Many fans have disparaged the art of Tom Sutton & Ricardo Villagrán in these issues, but I'll have none of that. I think they were the perfect art team to portray that dynamic era of Star Trek, and Mike W. Barr was writing at the absolute top of his game. Later Star Trek comics have had more polished art, and more "in-canon" stories, but none have ever been as much fun to read on a month-to-month basis as these 16 issues (and the movie adaptation.) Truly, 1981-1986 was THE Golden Age of Star Trek.
All in all, it was a grand re-read. These issues were published just before and just after the release of Star Trek III: The Search for Spock, and portray an era of Star Trek history we now "know" never happened, adventures set between TWoK and TSfS, and between TSfS and TVH. I don't care. These stories definitely happened in MY personal continuity.

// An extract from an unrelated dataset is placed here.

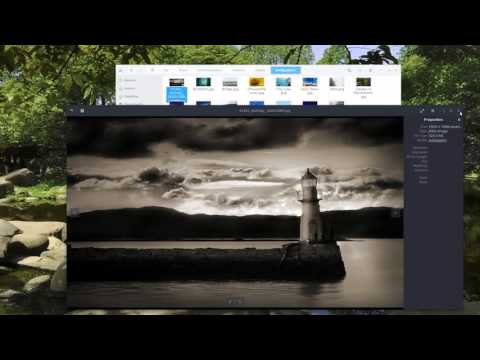 Arch Deepin Install & Overview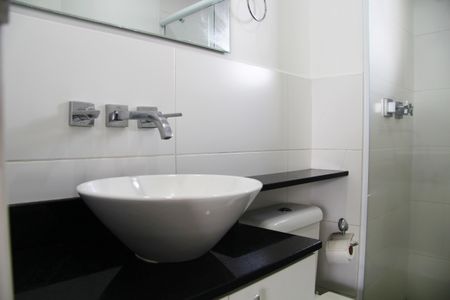 Studio para alugar com 38m², 1 quarto e 1 vagaBanheiro Social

I finished the month getting caught up with IDW's Teenage Mutant Ninja Turtles reboot. Which I've been enjoying a lot more than I thought I would. I was never any kind of fan of the cartoons or comix 20 years ago; it was something my friend's kids would watch, like Mighty Morphin' Power Rangers. But I'm digging the new comics. Volume 5 of the trade paperback series was supposedly released today, so I should snag a copy on Saturday when I pick up my comics.
Still reading the latest Darkover novel -- about 60% into it. I'm not really digging the Kierstelli thread, but the Gareth Elhalyn story is great fun, as it strongly echoes one of Marion's earliest novels, the proto-Darkover story The Door Through Space. Nice of Deborah J. Ross to bring Darkover full circle like that.
Continuing to listen to Pohl's Heechee Rendezvous (which I may never have read before) and The Annals of the Heechee (which I KNOW I've never read). There are apparently no audiobooks of the last two books in the sequence, The Gateway Trip and The Boy Who Would Live Forever, so I'll have to do hard-reads of those. I'm also planning on finishing my listen of the (abridged) audiobooks of John Vornholt's Star Trek: The Next Generation: The Genesis Wave series. Halfway through the second of the four books, it's shaping up to be another long slog with minimal rewards. I'll chalk that up to the fact they're so savagely abridged, and not because they're simply dull, dull books. They ARE, on the other hand, dull, dull audiobooks.